In the last decade, the port has been diversifying, moving away from logs and wood products, another staple that is in decline, Mohr said.

"We were transitioning away from that;" he said, and alumina was part of the diversification.

Boeing's specialized aircraft parts are an increasing share of the port's import business. And last July, Everett entered the trans-Pacific trade when the North Pacific Steamship Corp. began running two 1,100 container-ton ships exclusively between Kobe, Japan, and Everett.

The port, with eight berths on 100 acres, also operates a 4,000-ton refrigerated warehouse and handles agricultural products, including apples, pears, potatoes and frozen beef and poultry.

The alumina dome, meanwhile, remains filled with ore that isn't going anywhere right now. Finding a new tenant is a ways off, Mohr said.

"The entire Northwest aluminum industry is decimated," said Tom Payne, Columbia Falls Aluminum Corp's plant manager.

The only raw material used in aluminum production that is found in the Northwest is the cheap electricity once used to smelt ore brought in from around the world.

The Northwest is home to 10 -- nearly half -- of the nation's 23 aluminum plants, but with nine plants shut down because of high energy costs, as many as 8,000 workers are idled in Montana Oregon and Washington.

For each of those workers, there are likely three others who are not employed in an allied or aluminum-making service industry, Payne said.

The shutdowns are "a huge loss to the Pacific Northwest of good paying jobs, and there is the specter that they may not start again," he said.

And since the industry was located here in part due to cheap power and availability, it now faces the possibility of going the way of the long-dead steel-mills that once comprised the East Coast and Midwestern "rust belt."

Since no significant power generating sources have been built for 10 years, older industries like aluminum are competing for power that is increasingly drained by the modern information sector, notably by Internet service providers, Payne said.

"Server farms are huge users, using 30 to 40 megawatts of power each," he said, as much as the University of Washington uses, or a small steel mill like Seattle's Birmingham Steel.

The competition could grow more intense, and ruinous, with 24 new server farms being proposed for the Northwest, capable of drawing close to 700 megawatts -- more than half Seattle's average use, he said.

In the meantime, all Columbia Falls and Everett can do is try to limit the effects of the energy crisis.

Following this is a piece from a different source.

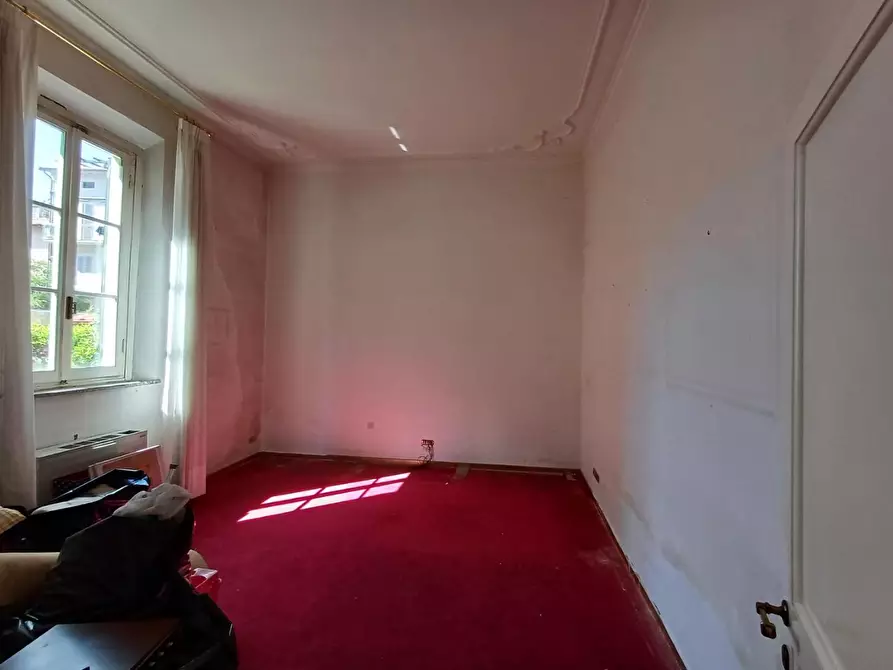 Immagine 18 di Villa in vendita  a Empoli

Columbia Falls will use the downtime to make some maintenance improvements and do capital projects.

It will pay all its workers through the rest of the year based upon a contract with the Bonneville Power Administration.

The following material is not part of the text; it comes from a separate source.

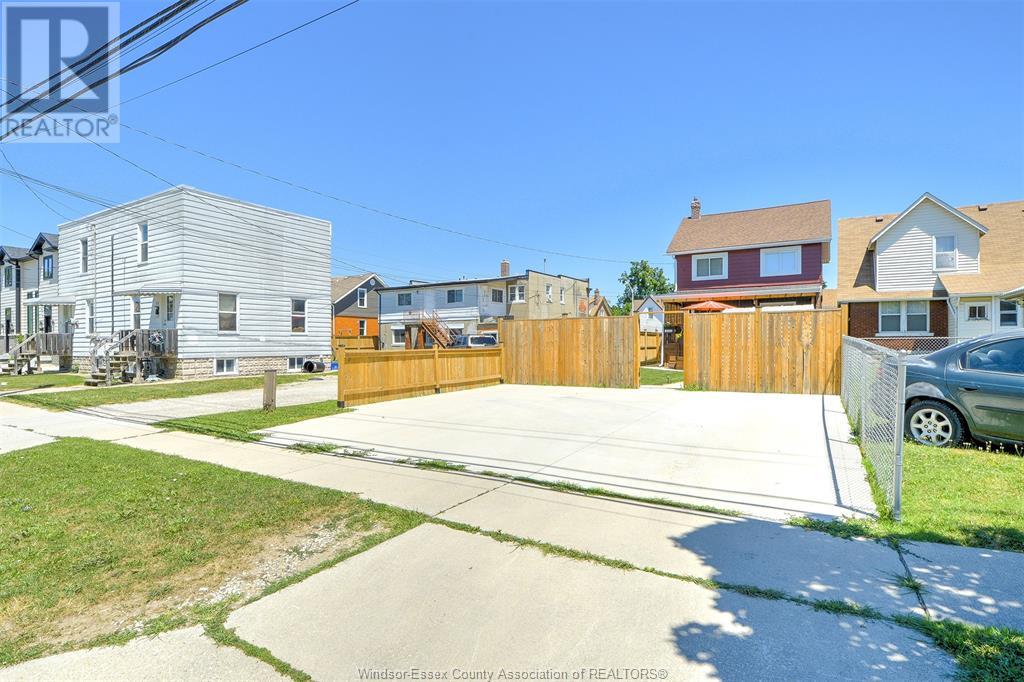 Photo 11 of 883 Pillette Road, Windsor ON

Part of the contract, renegotiated in 1995, allows Columbia Falls, Kaiser Aluminum and Golden Northwest Aluminum to resell electricity they purchased, using some of the revenue to cover continued pay and benefits for plant employees.

"We're strictly dependent on energy prices," Payne said. "If they are reasonable next January, then we will restart. If they are not reasonable, we won't."